◆ **Work instructions**: Please keep pictures out of the copy, and print exactly the lines from the one containing "Quattro gol nel" through the end of the records.

◆ **Supplied material**:

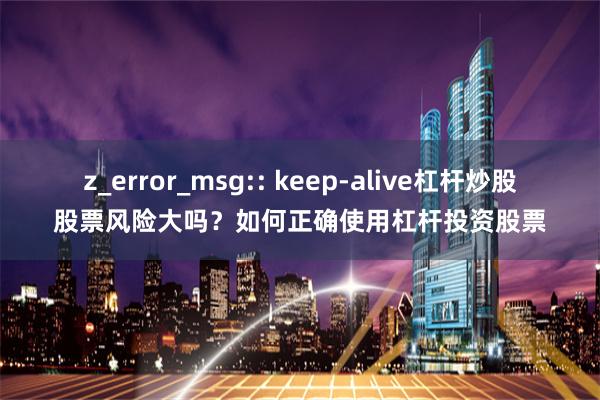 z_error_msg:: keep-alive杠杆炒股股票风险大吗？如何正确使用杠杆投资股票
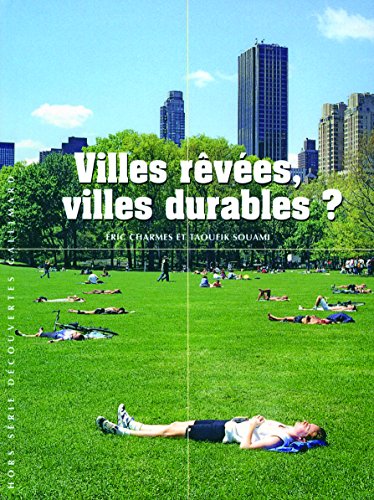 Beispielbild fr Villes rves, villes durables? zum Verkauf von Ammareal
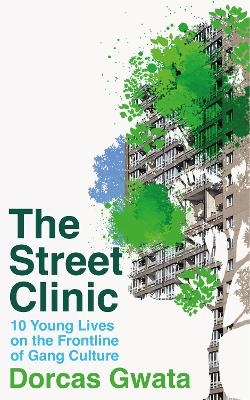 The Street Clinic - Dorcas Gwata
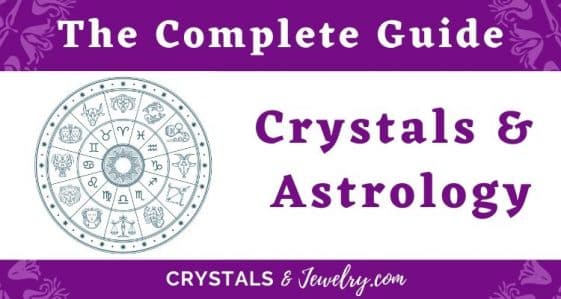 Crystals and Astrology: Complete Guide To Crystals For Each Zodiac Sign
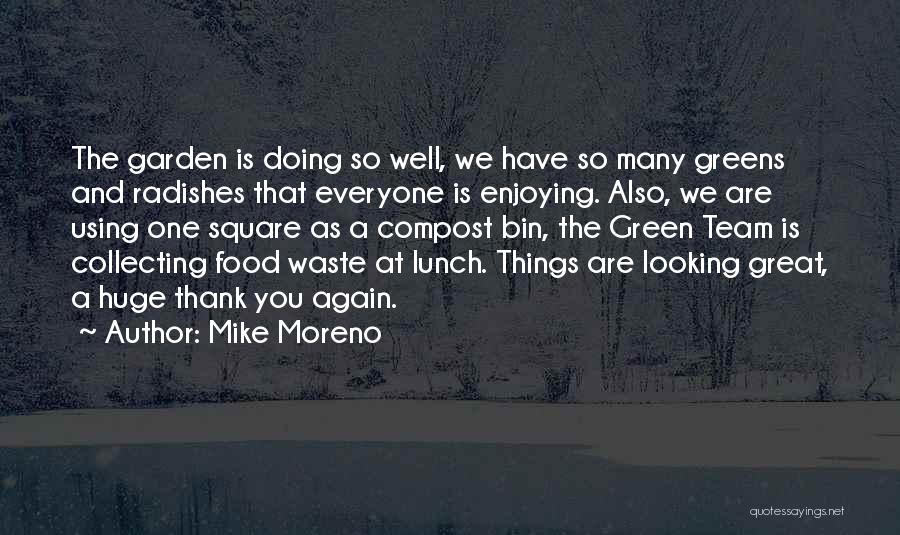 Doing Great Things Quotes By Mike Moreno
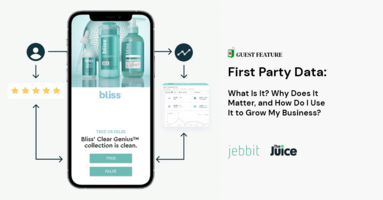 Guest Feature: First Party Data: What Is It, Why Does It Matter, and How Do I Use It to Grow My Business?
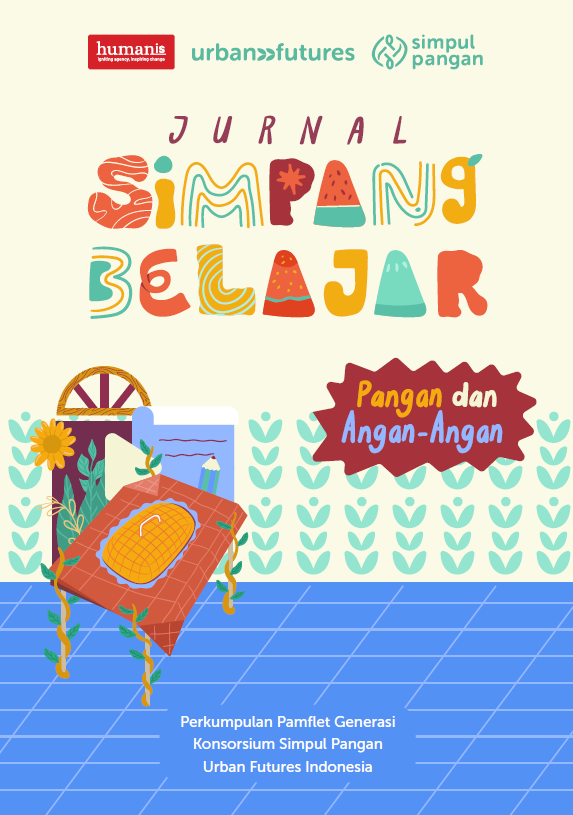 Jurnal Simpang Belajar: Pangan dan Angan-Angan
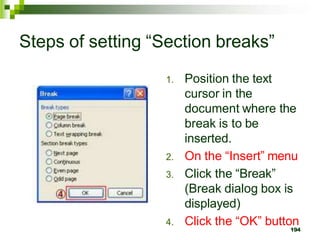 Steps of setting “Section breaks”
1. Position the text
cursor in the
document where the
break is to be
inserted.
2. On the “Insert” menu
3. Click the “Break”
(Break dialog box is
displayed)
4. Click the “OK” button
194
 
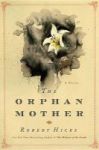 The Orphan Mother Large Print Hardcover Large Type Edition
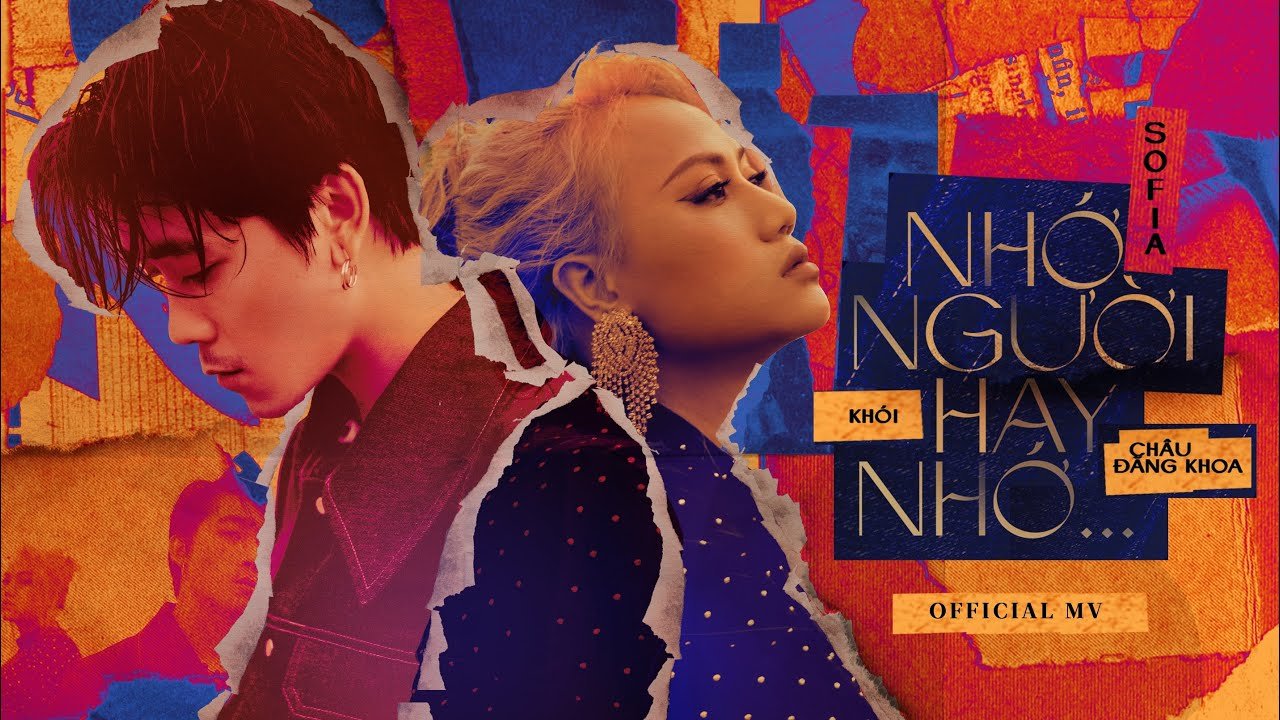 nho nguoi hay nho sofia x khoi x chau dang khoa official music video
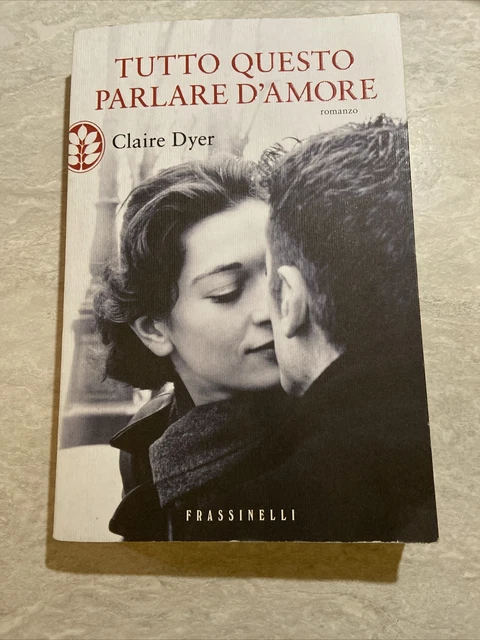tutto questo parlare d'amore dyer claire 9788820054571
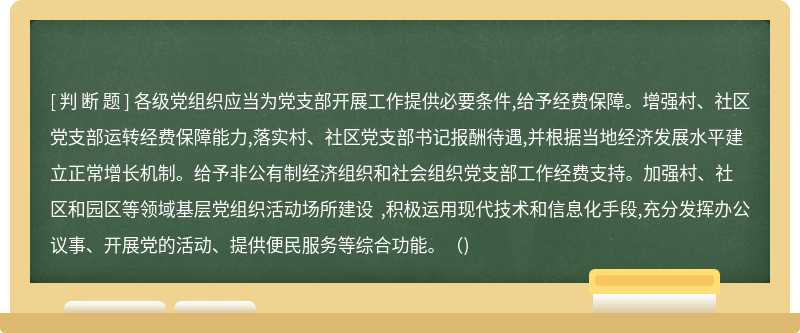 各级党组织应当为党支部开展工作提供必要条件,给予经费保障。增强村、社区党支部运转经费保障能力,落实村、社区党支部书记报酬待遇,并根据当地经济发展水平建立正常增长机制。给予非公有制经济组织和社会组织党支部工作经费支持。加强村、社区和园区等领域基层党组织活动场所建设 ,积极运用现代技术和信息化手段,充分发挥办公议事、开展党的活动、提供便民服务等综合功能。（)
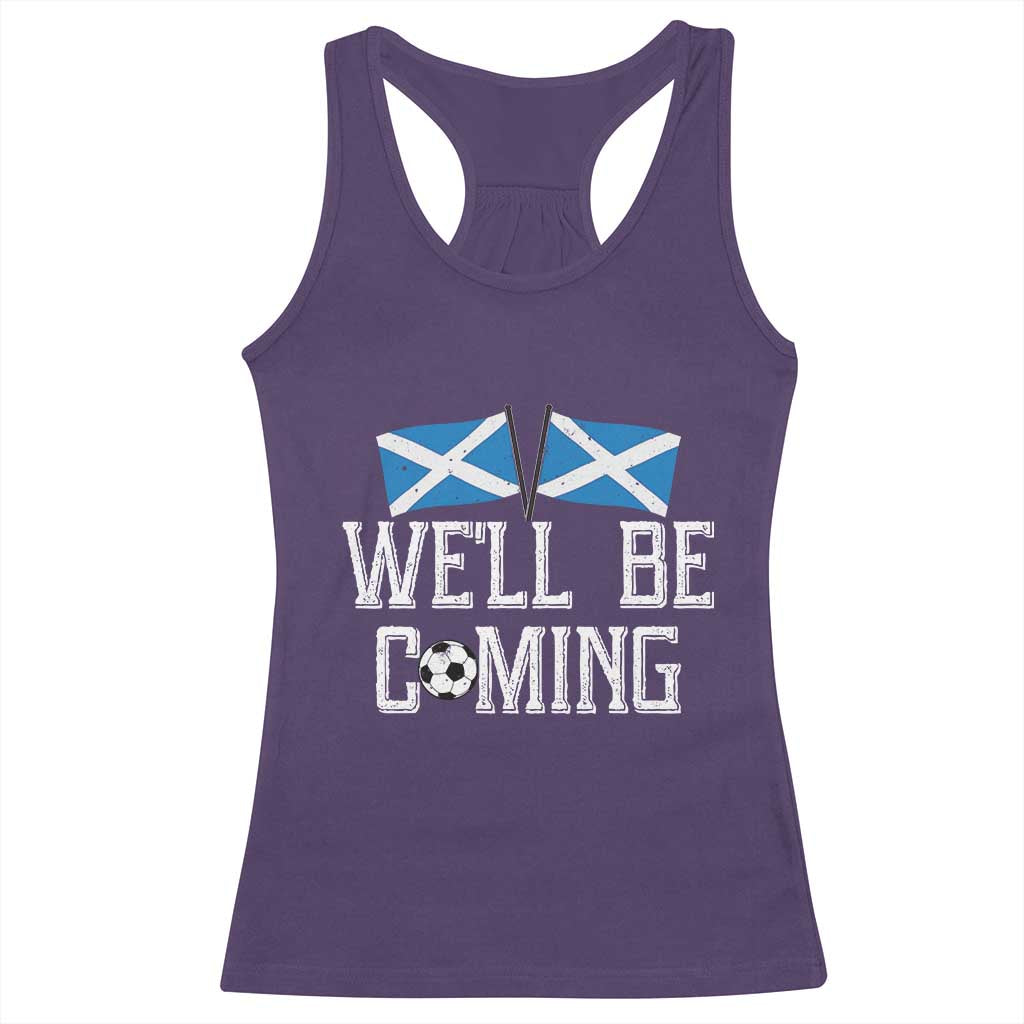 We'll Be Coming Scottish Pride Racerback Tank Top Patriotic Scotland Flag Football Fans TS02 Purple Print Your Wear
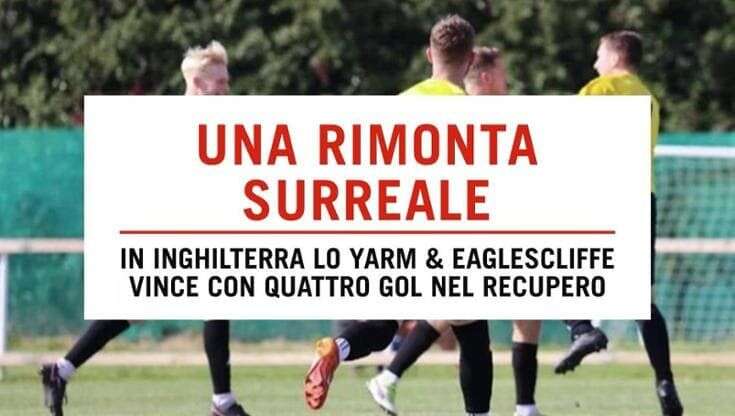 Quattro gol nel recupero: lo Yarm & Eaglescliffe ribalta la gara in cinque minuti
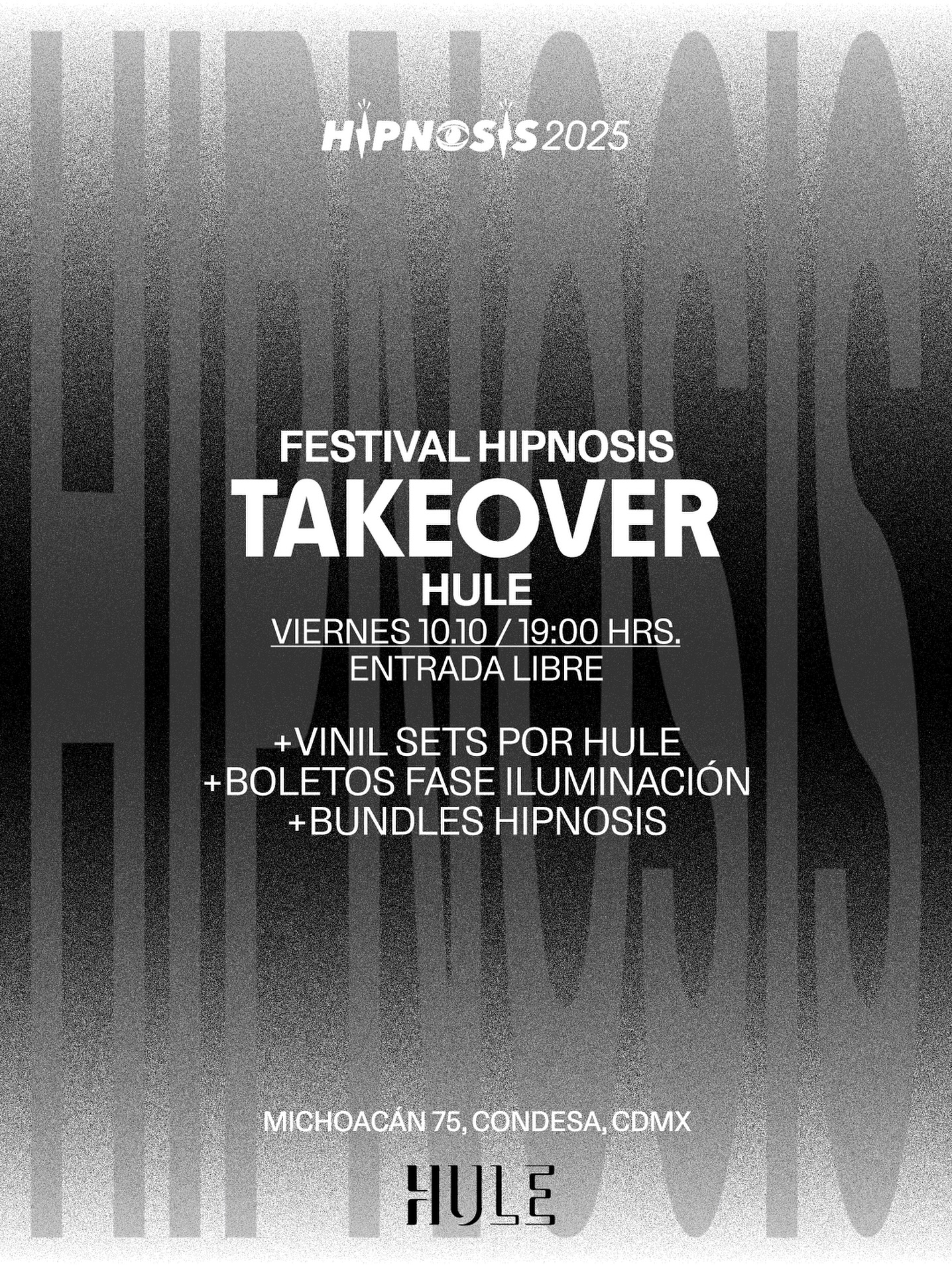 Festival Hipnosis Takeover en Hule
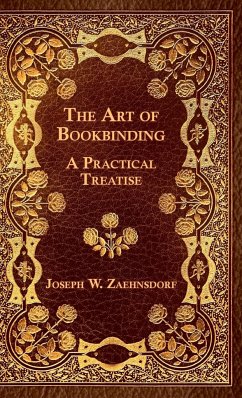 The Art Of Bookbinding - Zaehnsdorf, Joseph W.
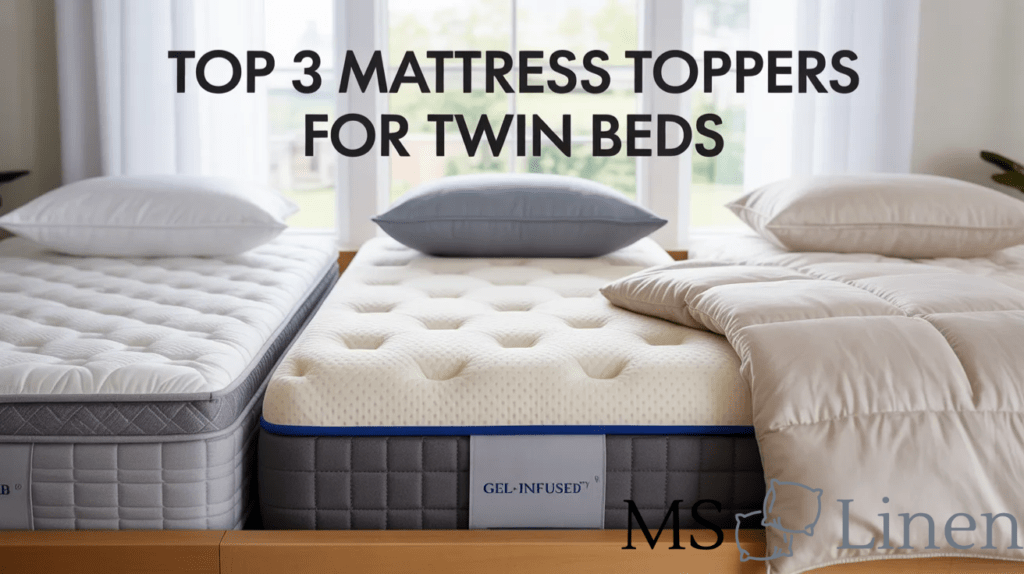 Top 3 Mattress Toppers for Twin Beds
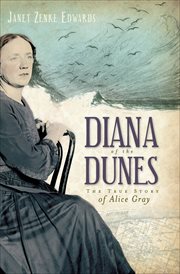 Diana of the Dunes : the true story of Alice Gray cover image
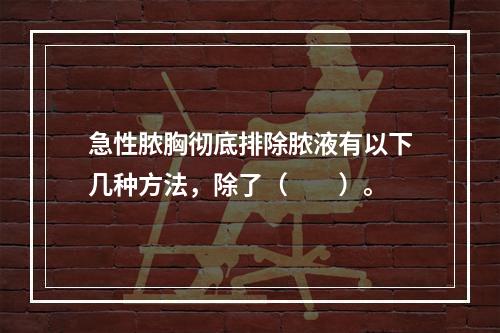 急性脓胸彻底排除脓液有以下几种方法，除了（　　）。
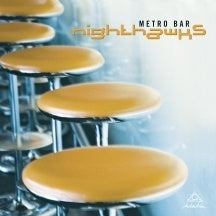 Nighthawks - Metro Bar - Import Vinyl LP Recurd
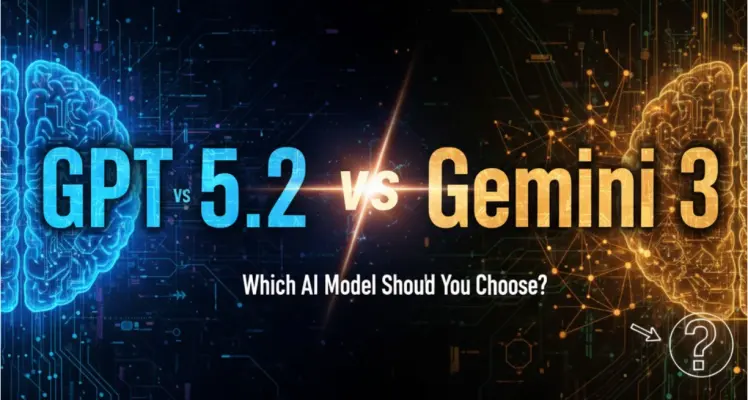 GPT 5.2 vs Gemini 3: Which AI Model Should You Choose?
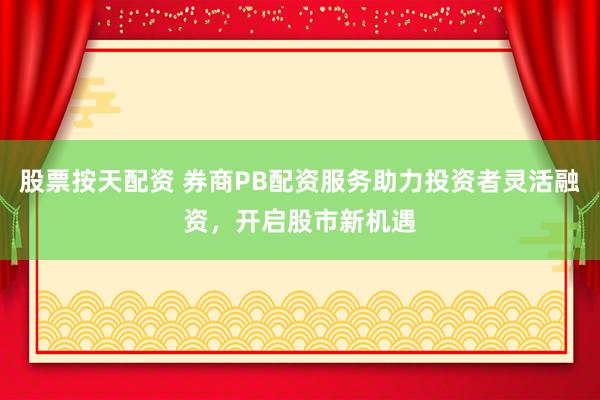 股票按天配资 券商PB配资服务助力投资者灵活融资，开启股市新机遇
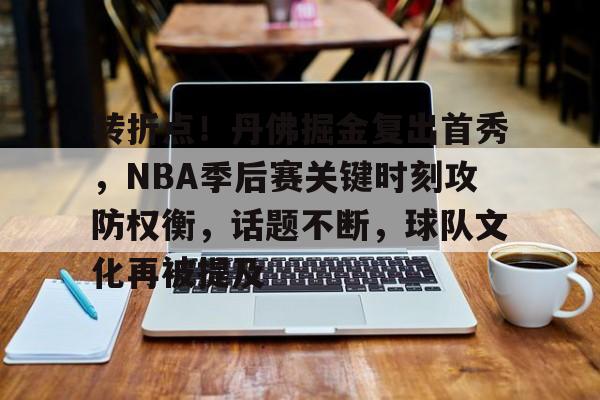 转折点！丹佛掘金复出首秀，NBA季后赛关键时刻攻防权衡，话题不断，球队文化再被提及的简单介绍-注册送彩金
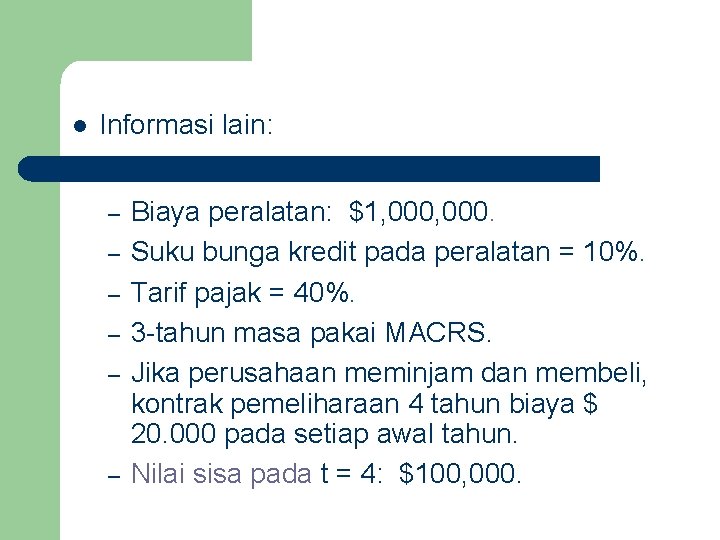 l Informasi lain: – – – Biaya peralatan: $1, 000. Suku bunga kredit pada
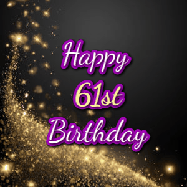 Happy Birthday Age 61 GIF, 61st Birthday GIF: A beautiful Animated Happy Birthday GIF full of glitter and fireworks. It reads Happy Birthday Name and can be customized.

◆ **Expected answer**:
 Quattro gol nel recupero: lo Yarm & Eaglescliffe ribalta la gara in cinque minuti
 Festival Hipnosis Takeover en Hule
 The Art Of Bookbinding - Zaehnsdorf, Joseph W.
 Top 3 Mattress Toppers for Twin Beds
 Diana of the Dunes : the true story of Alice Gray cover image
 急性脓胸彻底排除脓液有以下几种方法，除了（　　）。
 Nighthawks - Metro Bar - Import Vinyl LP Recurd
 GPT 5.2 vs Gemini 3: Which AI Model Should You Choose?
 股票按天配资 券商PB配资服务助力投资者灵活融资，开启股市新机遇
 转折点！丹佛掘金复出首秀，NBA季后赛关键时刻攻防权衡，话题不断，球队文化再被提及的简单介绍-注册送彩金
 l Informasi lain: – – – Biaya peralatan: $1, 000. Suku bunga kredit pada
 Happy Birthday Age 61 GIF, 61st Birthday GIF: A beautiful Animated Happy Birthday GIF full of glitter and fireworks. It reads Happy Birthday Name and can be customized.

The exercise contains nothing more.